**Description of the task:**
The copy must run from the line containing "323 South Racine" through the final line of the records, both included, exactly as written. It should contain no pictures.

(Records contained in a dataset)
---------------
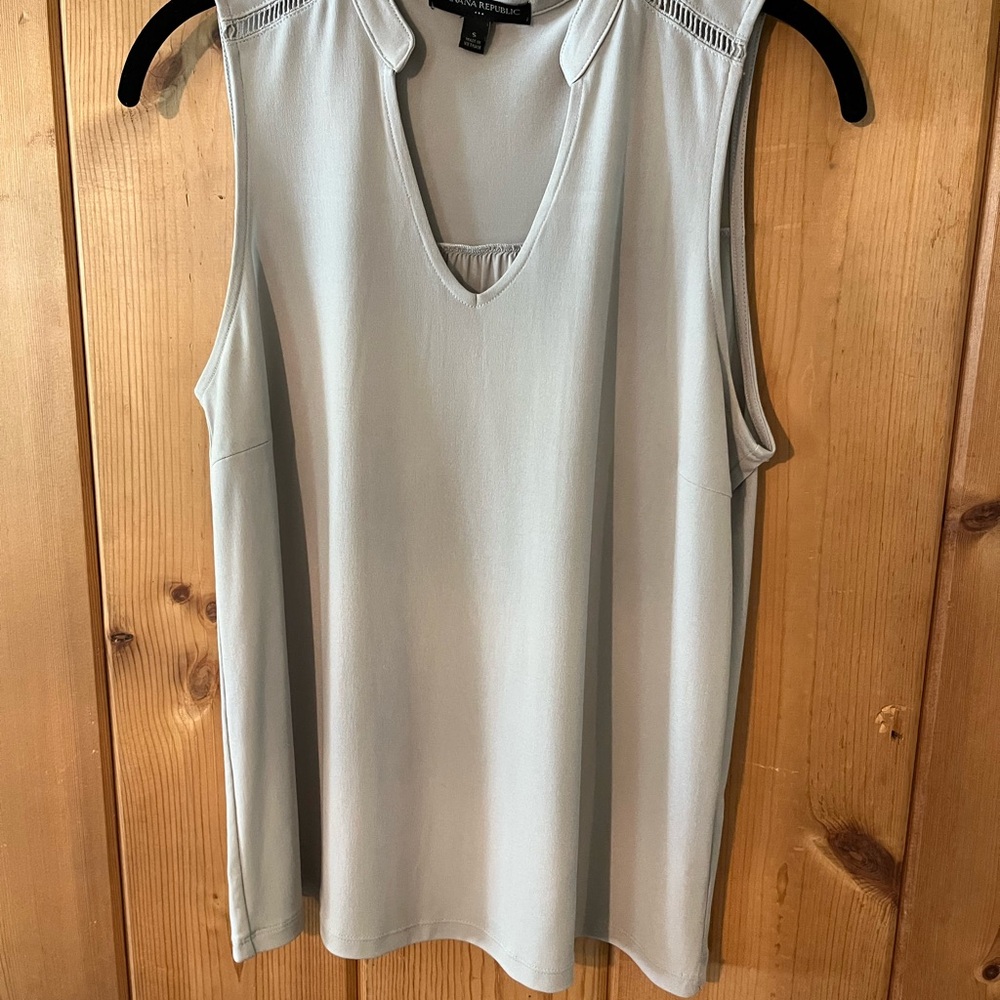 Banana Republic Light Gray Sleeveless Tank Top
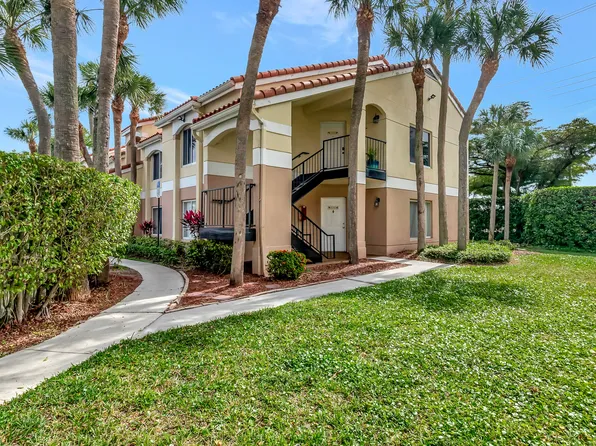 815 W Boynton Beach Boulevard #8-206, Boynton Beach, FL 33426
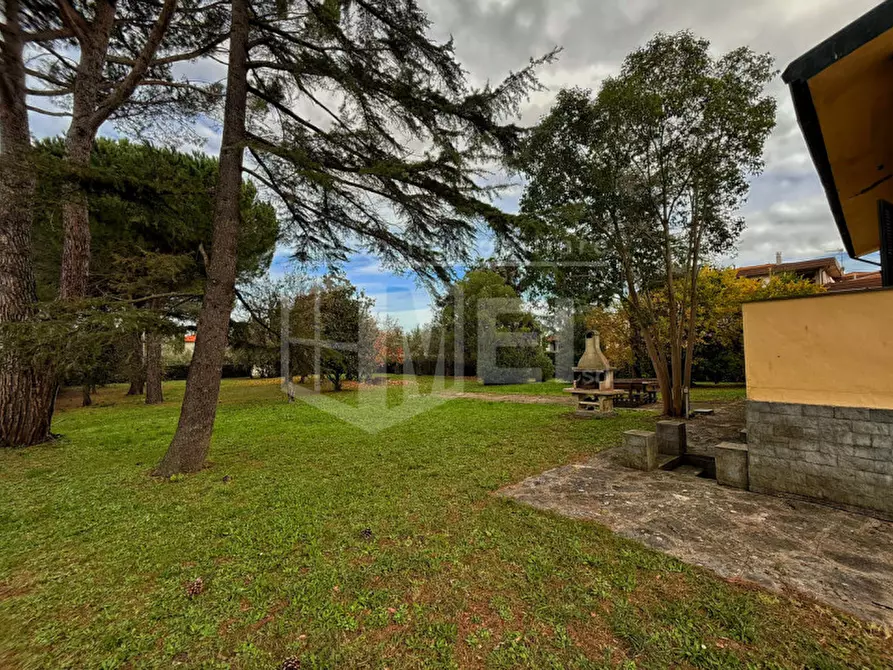 Immagine 11 di Villa in vendita  in Via Albert Einstein a Crespina Lorenzana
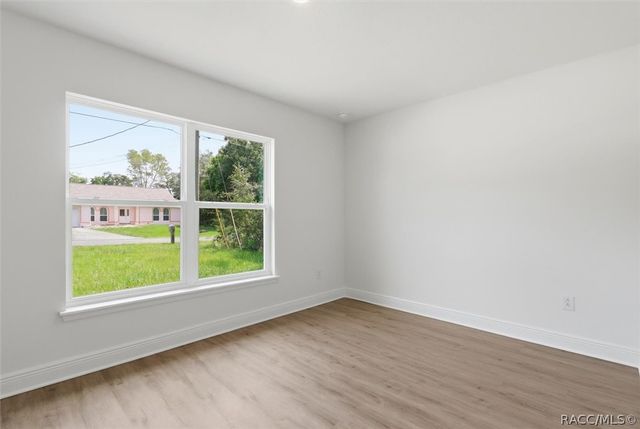 10280 N Harbor Way, Dunnellon, FL 34434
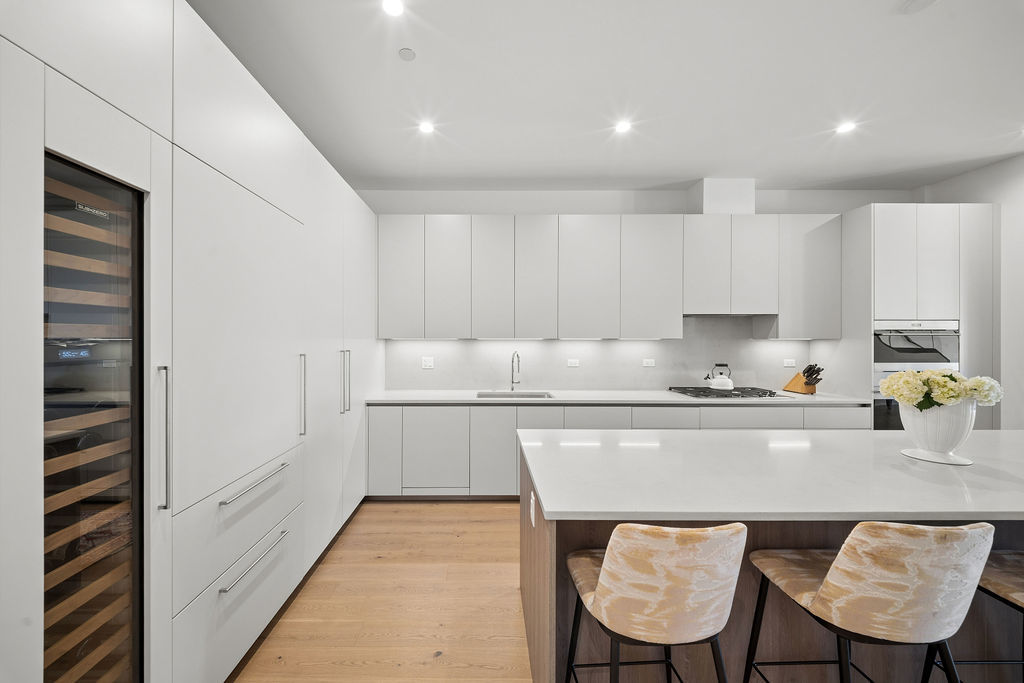 323 South Racine Avenue, Unit PHD Chicago, IL 60607 - Photo 15 of 47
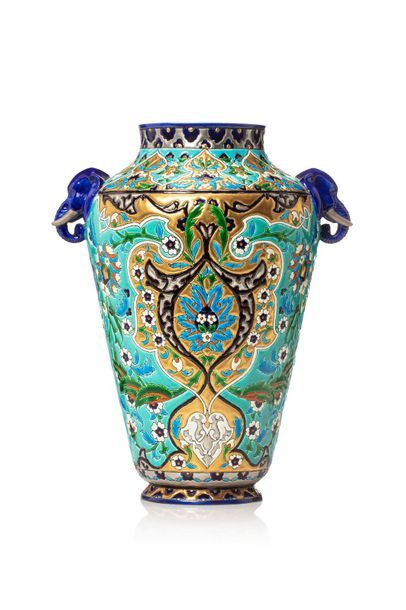 Null Jules VIEILLARD (1813 - 1868)
"Eléphants"
Vase en céramique à décor émaillé&hellip;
---------------
**Output of the exercise:**
 323 South Racine Avenue, Unit PHD Chicago, IL 60607 - Photo 15 of 47
 Null Jules VIEILLARD (1813 - 1868)
"Eléphants"
Vase en céramique à décor émaillé&hellip;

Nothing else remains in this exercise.